Below are the records; retype them exactly and omit each picture.

◇ ◇ ◇ ◇ ◇

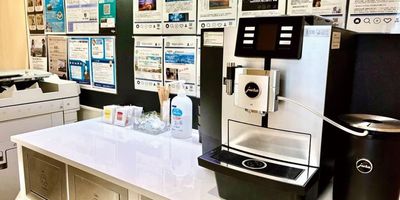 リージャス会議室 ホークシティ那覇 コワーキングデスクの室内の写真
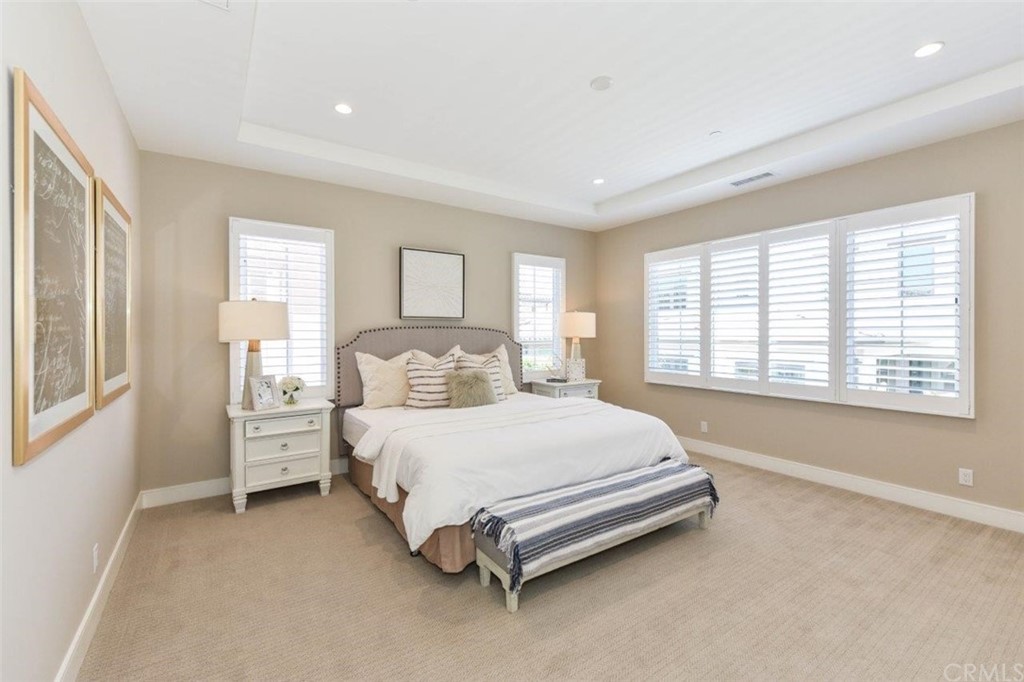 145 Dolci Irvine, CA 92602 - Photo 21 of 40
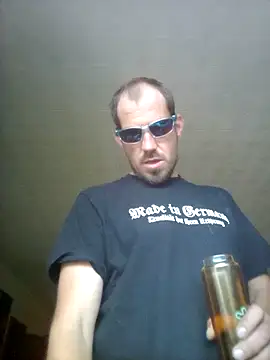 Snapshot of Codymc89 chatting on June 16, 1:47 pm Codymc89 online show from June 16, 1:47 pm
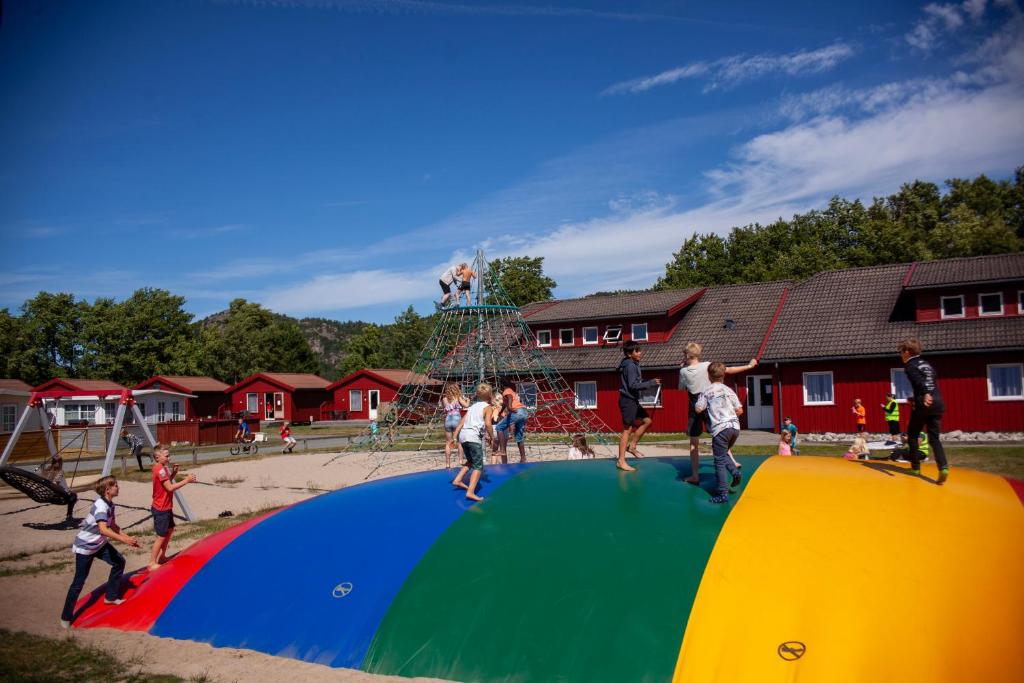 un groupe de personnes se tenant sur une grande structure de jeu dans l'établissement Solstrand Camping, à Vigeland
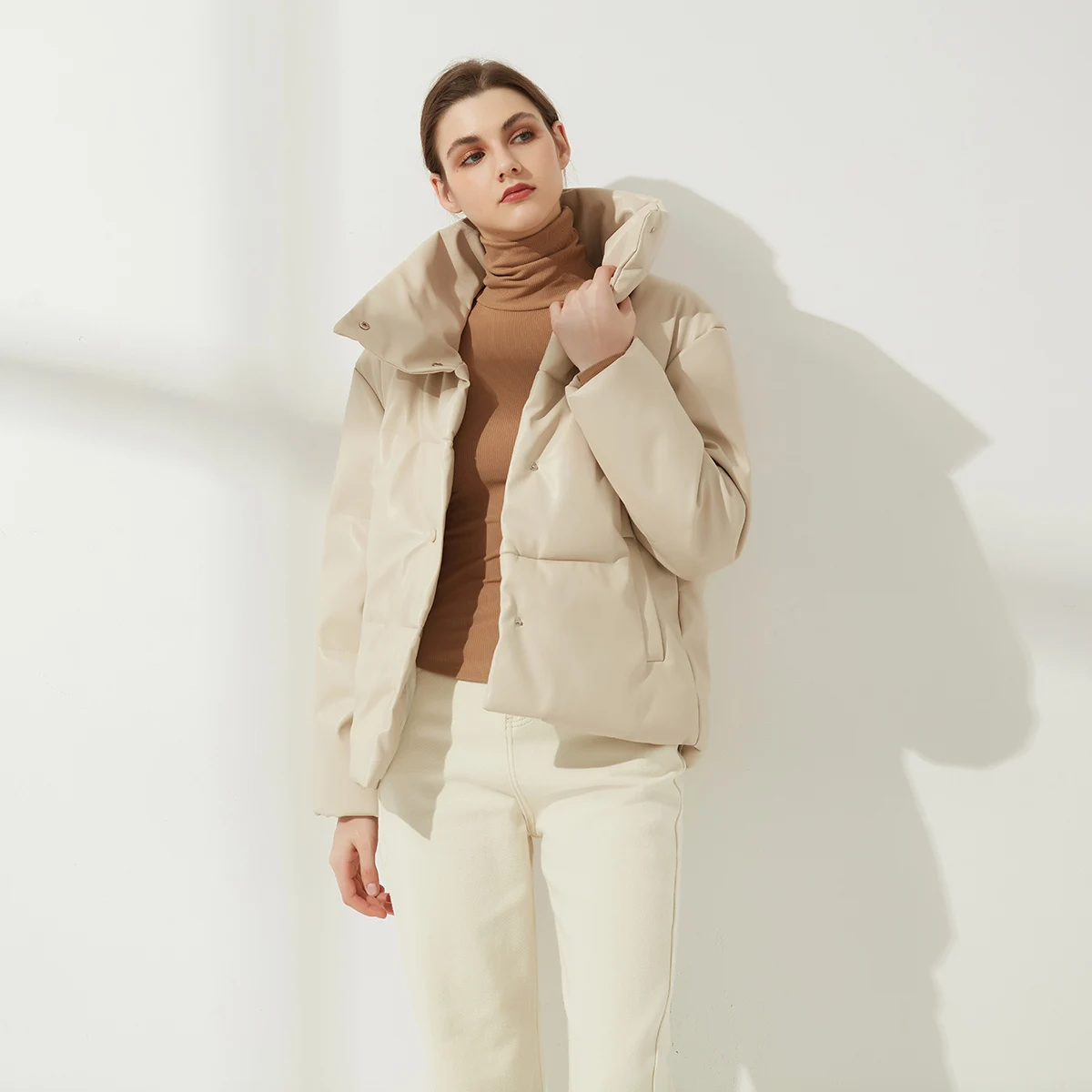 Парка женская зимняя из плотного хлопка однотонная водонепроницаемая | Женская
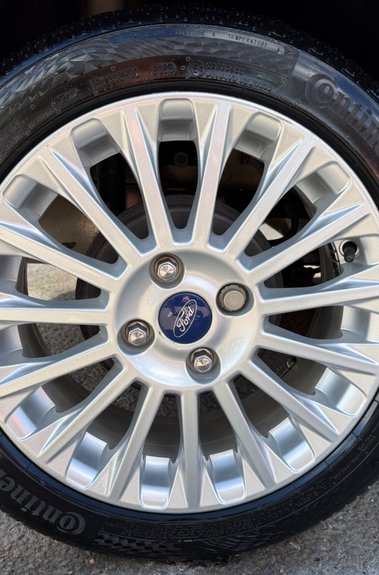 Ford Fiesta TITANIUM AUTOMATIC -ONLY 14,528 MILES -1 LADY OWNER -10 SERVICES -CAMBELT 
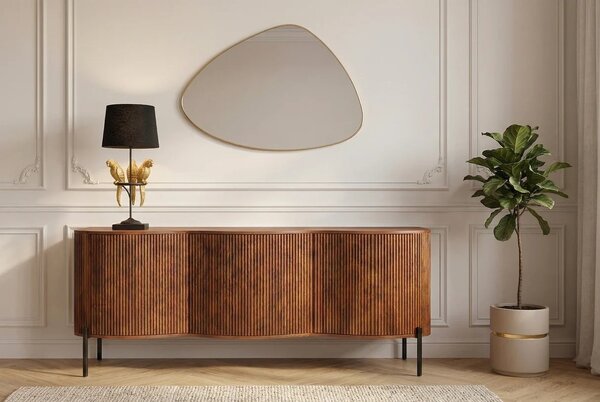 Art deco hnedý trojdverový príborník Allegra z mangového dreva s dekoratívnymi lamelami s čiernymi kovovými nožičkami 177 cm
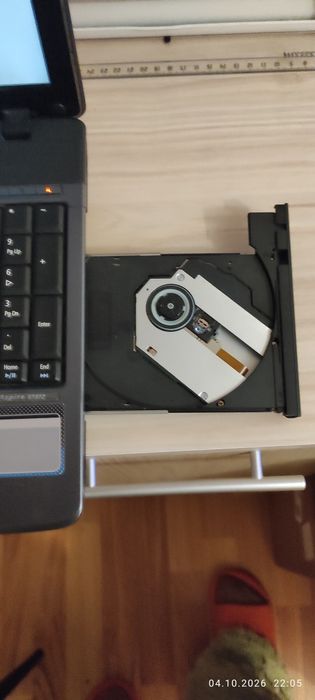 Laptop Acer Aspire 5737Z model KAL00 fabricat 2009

◇ ◇ ◇ ◇ ◇

• [Result]
 リージャス会議室 ホークシティ那覇 コワーキングデスクの室内の写真
 145 Dolci Irvine, CA 92602 - Photo 21 of 40
 Snapshot of Codymc89 chatting on June 16, 1:47 pm Codymc89 online show from June 16, 1:47 pm
 un groupe de personnes se tenant sur une grande structure de jeu dans l'établissement Solstrand Camping, à Vigeland
 Парка женская зимняя из плотного хлопка однотонная водонепроницаемая | Женская
 Ford Fiesta TITANIUM AUTOMATIC -ONLY 14,528 MILES -1 LADY OWNER -10 SERVICES -CAMBELT 
 Art deco hnedý trojdverový príborník Allegra z mangového dreva s dekoratívnymi lamelami s čiernymi kovovými nožičkami 177 cm
 Laptop Acer Aspire 5737Z model KAL00 fabricat 2009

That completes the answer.